Even as a proud holder of a degree from the University of Toronto, I find this ranking (as I do all rankings of universities) to be nonsense. I know that the University of Waterloo, to take one local example, has a great international reputation, though according to this ranking a degree from Waterloo isn’t anything to be proud of. Says who? Here we do have a footnote that directs the reader to Ibbitson’s source. The data was obtained from a study done by the Institute of Higher Education at Shanghai Jiao Tong University.
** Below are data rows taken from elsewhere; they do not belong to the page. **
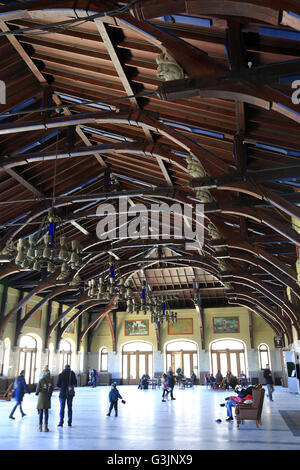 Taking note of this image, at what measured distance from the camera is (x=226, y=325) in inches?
1147

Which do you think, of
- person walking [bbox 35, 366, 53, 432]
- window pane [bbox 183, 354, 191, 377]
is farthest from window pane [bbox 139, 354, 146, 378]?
person walking [bbox 35, 366, 53, 432]

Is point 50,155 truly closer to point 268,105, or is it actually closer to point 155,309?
point 268,105

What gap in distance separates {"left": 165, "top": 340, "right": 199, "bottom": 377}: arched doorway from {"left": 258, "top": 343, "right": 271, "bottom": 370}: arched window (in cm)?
472

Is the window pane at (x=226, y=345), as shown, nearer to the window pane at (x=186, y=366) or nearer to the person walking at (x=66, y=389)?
the window pane at (x=186, y=366)

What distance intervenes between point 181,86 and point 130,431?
278 inches

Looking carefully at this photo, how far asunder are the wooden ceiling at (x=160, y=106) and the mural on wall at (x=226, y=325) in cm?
1392

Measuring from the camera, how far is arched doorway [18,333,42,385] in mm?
21516

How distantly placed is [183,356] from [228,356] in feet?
11.2

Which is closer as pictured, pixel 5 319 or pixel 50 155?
pixel 50 155

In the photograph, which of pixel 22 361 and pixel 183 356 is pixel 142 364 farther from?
pixel 22 361

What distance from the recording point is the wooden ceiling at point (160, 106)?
4578mm

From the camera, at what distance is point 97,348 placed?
30.9m

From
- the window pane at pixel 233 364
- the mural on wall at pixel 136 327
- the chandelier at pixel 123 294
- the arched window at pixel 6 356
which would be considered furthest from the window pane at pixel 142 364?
the arched window at pixel 6 356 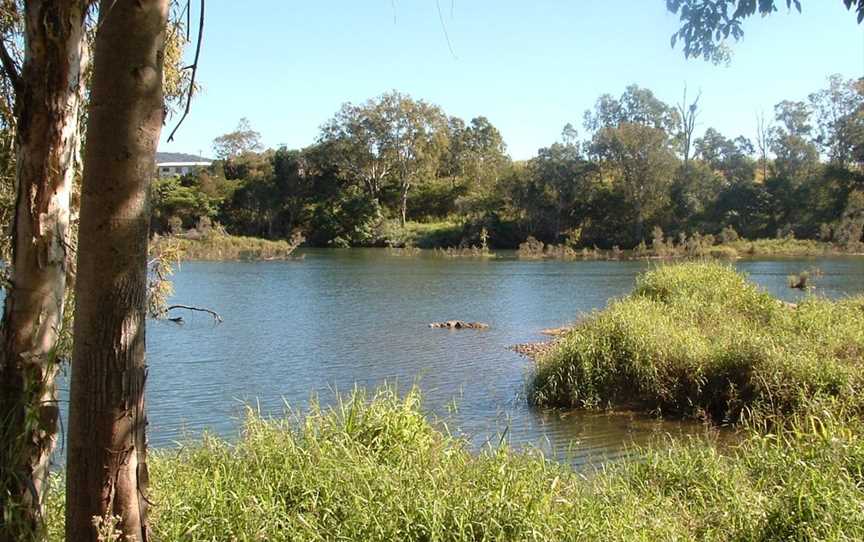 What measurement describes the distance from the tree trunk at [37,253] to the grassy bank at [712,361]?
353 inches

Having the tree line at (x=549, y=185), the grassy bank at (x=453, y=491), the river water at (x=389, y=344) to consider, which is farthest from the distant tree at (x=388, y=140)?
the grassy bank at (x=453, y=491)

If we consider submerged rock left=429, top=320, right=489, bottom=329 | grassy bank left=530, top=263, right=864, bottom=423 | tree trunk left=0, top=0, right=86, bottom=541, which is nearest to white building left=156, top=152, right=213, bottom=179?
submerged rock left=429, top=320, right=489, bottom=329

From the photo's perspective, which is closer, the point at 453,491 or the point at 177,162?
the point at 453,491

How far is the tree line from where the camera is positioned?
199 ft

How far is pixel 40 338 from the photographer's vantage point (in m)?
3.72

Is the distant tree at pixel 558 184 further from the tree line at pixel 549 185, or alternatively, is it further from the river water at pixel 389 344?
the river water at pixel 389 344

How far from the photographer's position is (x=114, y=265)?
2891 mm

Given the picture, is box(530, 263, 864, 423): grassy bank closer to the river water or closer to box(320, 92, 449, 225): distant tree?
the river water

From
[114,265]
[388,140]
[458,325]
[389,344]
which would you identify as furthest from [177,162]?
[114,265]

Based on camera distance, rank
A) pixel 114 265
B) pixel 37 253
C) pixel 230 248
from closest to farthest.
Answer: pixel 114 265
pixel 37 253
pixel 230 248

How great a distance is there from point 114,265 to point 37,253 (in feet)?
3.50

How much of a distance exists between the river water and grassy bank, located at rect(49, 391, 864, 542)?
1.82m

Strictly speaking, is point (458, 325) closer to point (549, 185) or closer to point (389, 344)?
point (389, 344)

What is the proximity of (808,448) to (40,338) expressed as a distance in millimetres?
5479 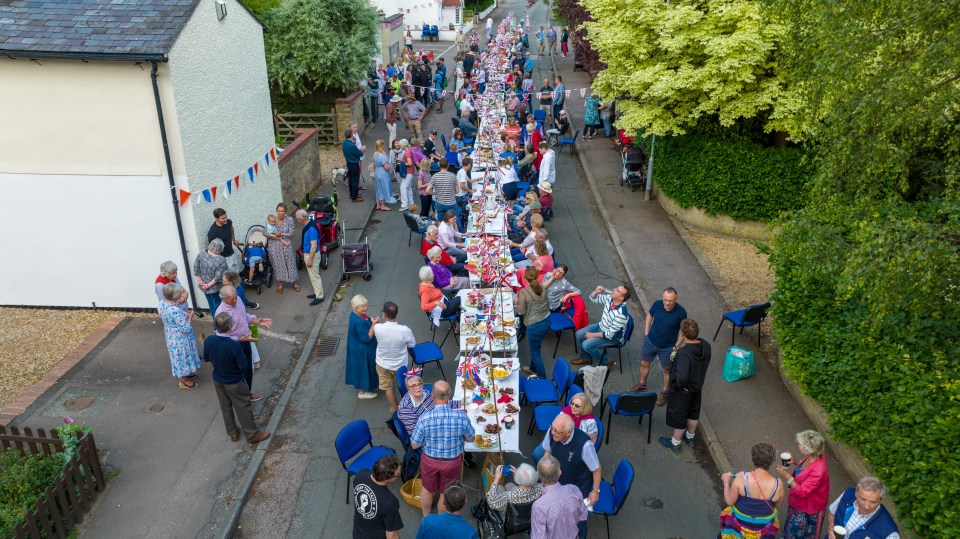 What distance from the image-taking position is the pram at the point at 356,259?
533 inches

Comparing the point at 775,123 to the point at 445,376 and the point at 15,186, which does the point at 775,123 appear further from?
the point at 15,186

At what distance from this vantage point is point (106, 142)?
11.4 meters

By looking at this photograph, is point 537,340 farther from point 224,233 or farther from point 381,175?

Oh yes, I’m sure they should know.

The Polite Revolution is one of those timely books of op-ed journalism with a limited shelf-life, especially now that the political landscape has shifted. In hindsight, it doesn’t even provide much of an explanation of how we got here. As for the future . . . well, let’s hope we can at least still be polite.

Notes:
Review first published January 28, 2006. The election referred at the beginning of the review was the January 23, 2006 Canadian federal election, in which the Conservatives won a minority government. I went to the official web-page of the “Academic Ranking of World Universities” to see how they came by their results. Apparently they look to see how many Nobel Prize-winners a university has, and how often faculty are being published in prestigious scientific journals. As they admit, “there are many methodological and technical problems” with the ranking.